Onverwachts een loopje

Zondagmorgen 25 februari 2007. Een donkere lucht boven Zwolle. Het regent. Aan de vele kringetjes in de plassen is te zien, dat de regen met bakken uit de lucht komt.

 Toch hullen de twee Artemissers in huize Stevens zich zwijgend in hun loopkleding. Even voor tienen verlaten ze met een hoopvolle blik op de lichter wordende lucht in het westen het huis en rijden naar de atletiekbaan van de AV PEC 1910. Maar ook boven de atletiekbaan, Wim Peter geheten, houdt Pluvius huis. Lopers met natte glimmende trainingspakken druppen de ruime kantine binnen. En blijven daar zo lang mogelijk. Zo ook de twee Artemissers. De jongste – schoonzoon van de oudste – bestelt een kop koffie. De oudste spelt zijn startnummer op zijn shirt, maar haalt het er even later weer af om het daarna op de jas te spelden. Daar gaat het na 10 minuten ook weer af, want met drie lagen (thermohemd, shirt en jas) is de klederdracht voor een strijd over 10 kilometer iets teveel van het goede. Het onderste kledingstuk, het hemd gaat uit. Althans, dat is de bedoeling. Maar tijdens de wandeling naar de auto geven wind en regen aan, dat de loper maar beter zo warm mogelijk gekleed kan zijn. De kledinglijn blijft zoals die is en het startnummer wordt weer op de jas bevestigd.
En dan hebben we het fenomeen “buienradar”. De speaker kondigt droog weer aan. Heeft ie van de website buienradar. Om kwart voor elf, een kwartier voor de start, zal het droog worden. Zo voorspelt de radar.

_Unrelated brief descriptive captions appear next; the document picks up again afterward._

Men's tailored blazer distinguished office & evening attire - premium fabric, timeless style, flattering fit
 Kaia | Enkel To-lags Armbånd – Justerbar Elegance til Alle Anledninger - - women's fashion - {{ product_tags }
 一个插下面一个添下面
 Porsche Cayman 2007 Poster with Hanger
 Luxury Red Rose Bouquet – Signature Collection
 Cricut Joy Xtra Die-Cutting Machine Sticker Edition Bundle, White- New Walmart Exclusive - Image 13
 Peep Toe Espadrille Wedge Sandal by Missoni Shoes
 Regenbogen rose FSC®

En het wórdt droog. Dus gaat het startnummer weer van de jas en wordt vervolgens opnieuw aan het shirt gehangen. Het jasje en ook de lange broek verdwijnen vervolgens in de kleedkamer.
Wat een gezwalk. Als dat maar goed gaat tijdens de run, zo vraagt de bezitter van het nummer zich af.

De jongste Artemisser kijkt het geklungel met een lachend gezicht aan. Hij volhardt in zijn kledingconcept. Drie lagen, dus met het startnummer op het blauwe jasje, waarvan de naam “Artemis” alleen nog in flarden op de rug staat. Samen staan de beide mannen tussen de 140 Pec’ers, Railrunners en ongebonden lopers in het startvak op de atletiekbaan te wachten op het startschot. De speaker haalt nog even de naam TNT van deze loop, want het blijkt een gewoon verenigingsloopje te zijn geworden. Een loopje op een fraai parcours, dat op een steenworp afstand van de PEC-baan is gelegen. Een parcours door het Westerwoldse bos, met een pittige heuvel, ontstaan uit een opeenstapeling van afval in de 50 en 60’er jaren. Een voormalige vuilstortplaats dus. Maar van al dat vuil is anno 2007 niets meer terug te vinden. Een prachtig stukje natuur is er voor in de plaats gekomen.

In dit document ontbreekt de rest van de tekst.